吃自己身体会 game over,但是吃尾巴尖没事。。
思路:
- 建立food和snake的list.
- 每一步check结果
- 碰到边界, 返回-1
- 碰到食物, 加分, 身体头部变为当前食物位置.
- 碰到自己身体, 返回-1. 注意有自循环模式. 判断时不判断尾巴尖.
- 碰到空, 加入next位置, 删除尾巴尖.
public class SnakeGame {
/** Initialize your data structure here.
@param width - screen width
@param height - screen height
@param food - A list of food positions
E.g food = [[1,1], [1,0]] means the first food is positioned at [1,1], the second is at [1,0]. */
int width;
int height;
LinkedList<int[]> food = new LinkedList<int[]>();
LinkedList<int[]> snake = new LinkedList<int[]>();
int score;
public SnakeGame(int width, int height, int[][] food1) {
this.width = width;
this.height = height;
for(int[] f:food1){
food.offer(f);
}
int[] pos = new int[2]; pos[0] = 0; pos[1] = 0;
snake.offer(pos);
score = 0;
}
/** Moves the snake.
@param direction - 'U' = Up, 'L' = Left, 'R' = Right, 'D' = Down
@return The game's score after the move. Return -1 if game over.
Game over when snake crosses the screen boundary or bites its body. */
public int move(String direction) {
int[] head = snake.getFirst();
int[] next = new int[2];
if(direction.equals("U")){
next[0] = head[0]-1; next[1] = head[1];
}
else if(direction.equals("D")){
next[0] = head[0]+1; next[1] = head[1];
}
else if(direction.equals("L")){
next[0] = head[0]; next[1] = head[1]-1;
}
else if(direction.equals("R")){
next[0] = head[0]; next[1] = head[1]+1;
}
//reach to board
if(next[0]<0 || next[0]>=height || next[1]<0 || next[1]>=width)
return -1;
//reach to food
if(!food.isEmpty()){
int[] curFood = food.getFirst();
if(next[0]==curFood[0] && next[1] ==curFood[1]){
curFood = food.poll();
score++;
snake.offerFirst(next);
return score;
}
}
//check if reach to body
//special case: self circle
for(int i=0;i<snake.size()-1;i++){
if(next[0]==snake.get(i)[0] && next[1]==snake.get(i)[1]) return -1;
}
//normal/empty move
snake.removeLast();
snake.offerFirst(next);
return score;
}
}
Design Twitter
一个典型的 Observer pattern;为了降低耦合度,每个 user 维护自己的 tweet list 和 follow list,而 post tweet 只是负责自行生产,而不主动执行 push; 每次刷新的时候自己从 follow 列表抓 tweets 就好了。
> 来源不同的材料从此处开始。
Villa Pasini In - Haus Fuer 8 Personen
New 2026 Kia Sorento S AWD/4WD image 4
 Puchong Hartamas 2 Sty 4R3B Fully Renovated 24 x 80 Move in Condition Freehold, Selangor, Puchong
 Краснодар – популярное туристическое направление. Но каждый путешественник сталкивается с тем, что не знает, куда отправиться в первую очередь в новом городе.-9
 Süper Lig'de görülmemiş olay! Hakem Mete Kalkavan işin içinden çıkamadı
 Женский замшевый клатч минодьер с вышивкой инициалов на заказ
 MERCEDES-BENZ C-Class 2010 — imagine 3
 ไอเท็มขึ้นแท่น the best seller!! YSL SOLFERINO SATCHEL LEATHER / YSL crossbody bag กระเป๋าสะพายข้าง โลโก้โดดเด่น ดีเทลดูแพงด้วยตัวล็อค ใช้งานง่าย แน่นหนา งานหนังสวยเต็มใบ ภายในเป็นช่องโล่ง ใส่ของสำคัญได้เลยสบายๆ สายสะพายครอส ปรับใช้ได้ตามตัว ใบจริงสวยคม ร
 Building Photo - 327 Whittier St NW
这题一个需要注意的细节是,排序顺序是按照 timestamp,接口里给的 tweetId ,和时间顺序没有必然的联系,所以要自行维护全局时间戳。
除此之外就是比较直观的 merge k sorted list 问题了,为了方便处理,我们维护了一个 Tweet object 的 LinkedList,但同时 Tweet 存了一个自己的 prev 指针,方便进行多路归并的时候正确找到下一个元素。
其他需要注意的就是各种 corner case : 关注自己,取关不存在的人,取关自己本来就没关注的人,自己或者自己的关注用户当前没有任何 post,未来可能会有
这道题一个关键是merge K sorted list来getPost. 这里我自己纠结了半天, 是用iterator还是新建一个object(listidx, curidx). 最舒服的方式还是对tweet创造prev field. 这也是merge K sorted list的标准做法.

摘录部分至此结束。